> _Assignment_
Beginning with the line that holds "herb for health.002" and ending with the last line of the entries below, copy every line exactly and nothing else, with the pictures left out.

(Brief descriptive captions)
◇ ◇ ◇ ◇ ◇ ◇ ◇

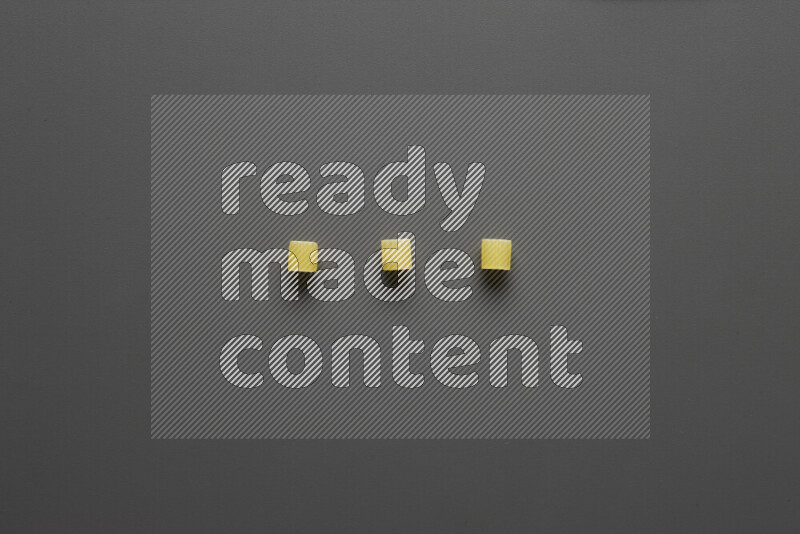 Small rings pasta on grey background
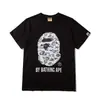 Comercio exterior mayorista transfronterizo estilo japonés moderno estampado de camuflaje cabeza de tiburón cabeza de tigre mono bloques de color luminoso para pareja camiseta holgada morada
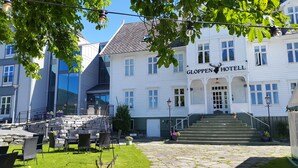 Ein Hotel mit weißer Fassade, einer Steintreppe zum Eingang, Außenbestuhlung mit Stühlen und Tischen und einem klaren Himmel.
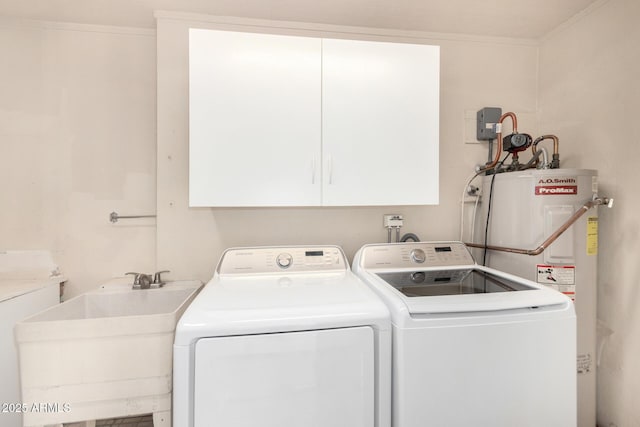 clothes washing area featuring sink, cabinets, gas water heater, separate washer and dryer, and crown molding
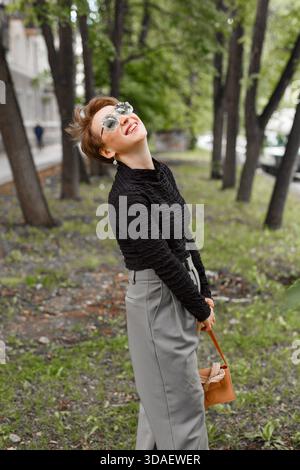 A cheerful middle-aged woman enjoys a walk in a tranquil park, surrounded by lush green trees. She smiles warmly, radiating happiness and contentment Stock Photo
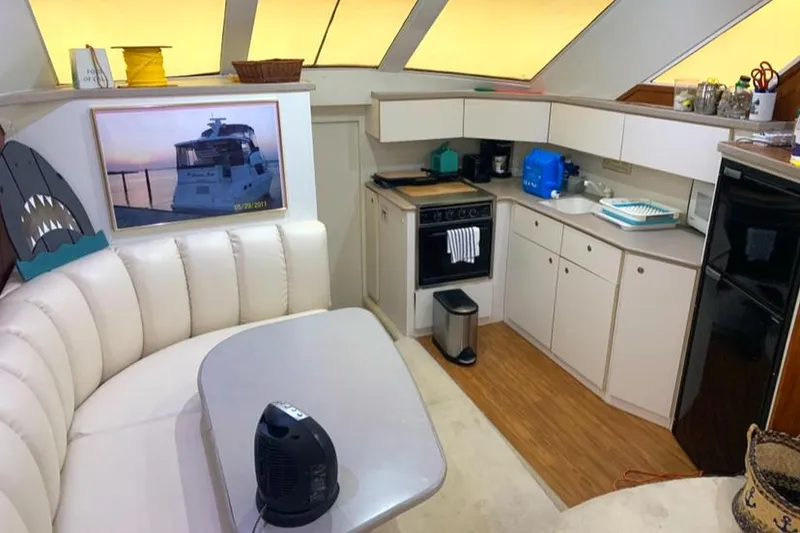 Slide: The Image of Interior of 1996 Silverton 372 Motor Yacht with kitchen and seating area. - 30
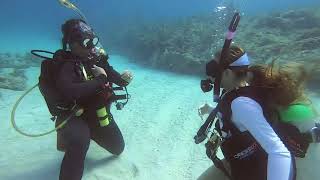 Female Dive Instructor Teaches New Diver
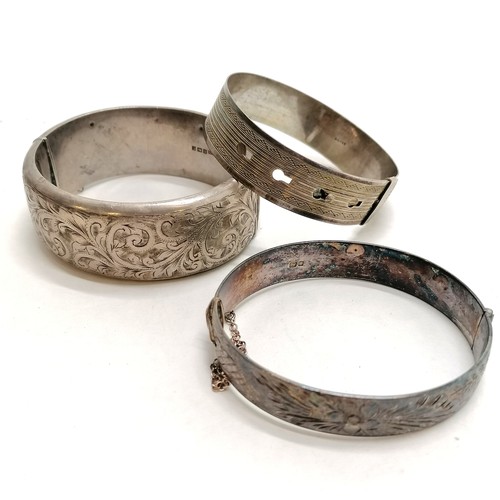 220 - 3 x silver marked bangles - 98g ~ large engraved bangle has dents to back - SOLD ON BEHALF OF THE NE... 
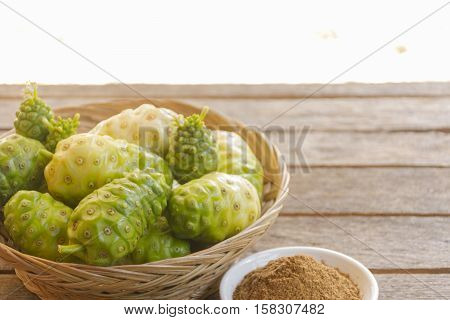 Noni fruit  and  noni powder on wooden table.Fruit for health and herb for health.002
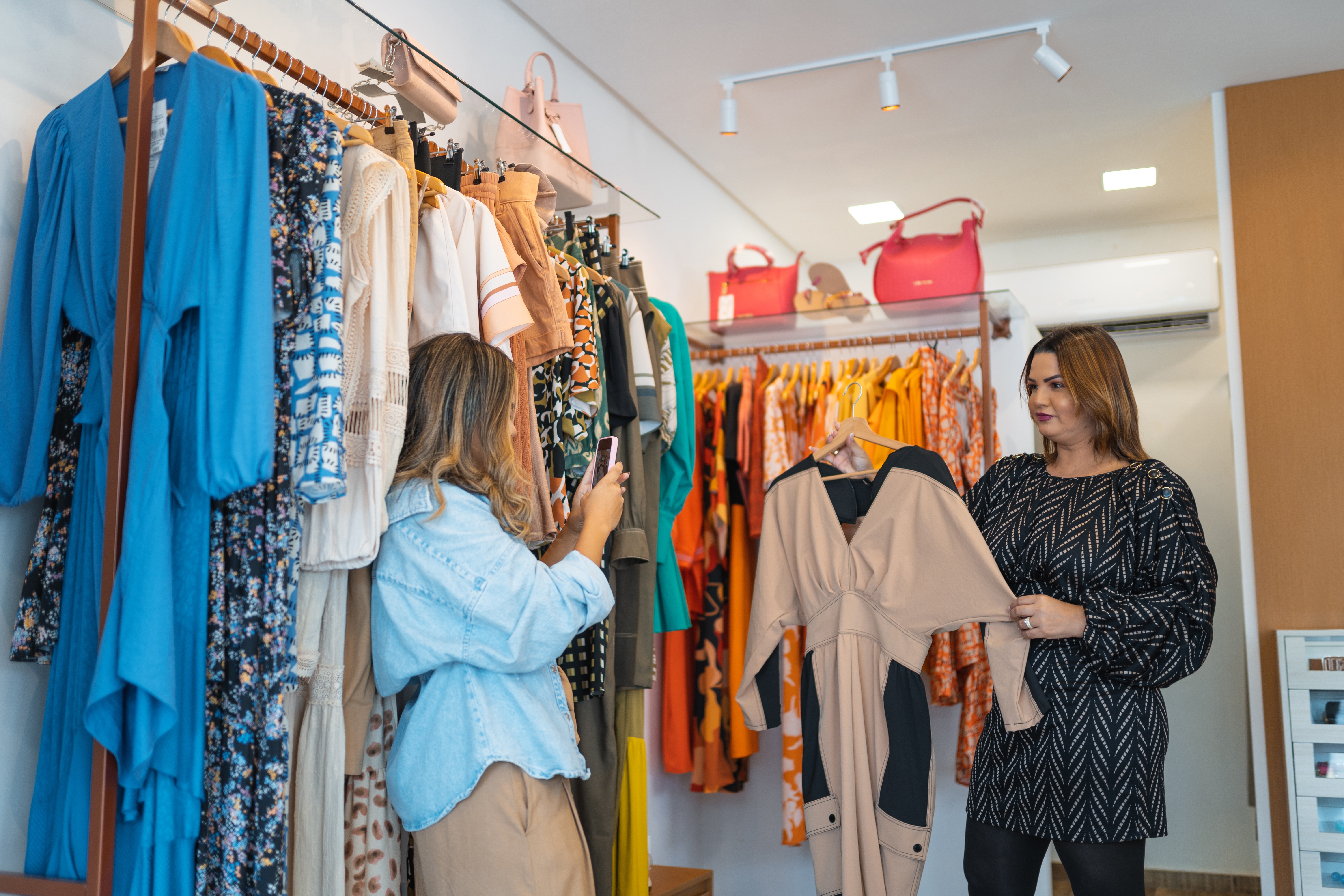Empreendedoras tirando fotos de roupas para revender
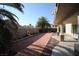 Landscaped backyard with a patio, and rock features at 3390 Syvella Ct, Las Vegas, NV 89117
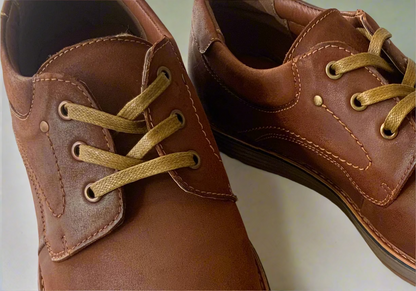 Command attention in the boardroom or at your next formal event with the Massa Maverick Dress Shoe, where classic design meets modern edge. Crafted with a premium polished leather upper, this lace up dress shoe features a sleek almond toe, clean stitching detail and a slim, refined silhouette for a sophisticated finish. The cushioned inner sole delivers comfort from day to night, while the durable rubber outsole provides grip and stability with every step.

◇ ◇ ◇ ◇ ◇ ◇ ◇

> _Response to the task_
 Noni fruit  and  noni powder on wooden table.Fruit for health and herb for health.002
Empreendedoras tirando fotos de roupas para revender
 Landscaped backyard with a patio, and rock features at 3390 Syvella Ct, Las Vegas, NV 89117
 Command attention in the boardroom or at your next formal event with the Massa Maverick Dress Shoe, where classic design meets modern edge. Crafted with a premium polished leather upper, this lace up dress shoe features a sleek almond toe, clean stitching detail and a slim, refined silhouette for a sophisticated finish. The cushioned inner sole delivers comfort from day to night, while the durable rubber outsole provides grip and stability with every step.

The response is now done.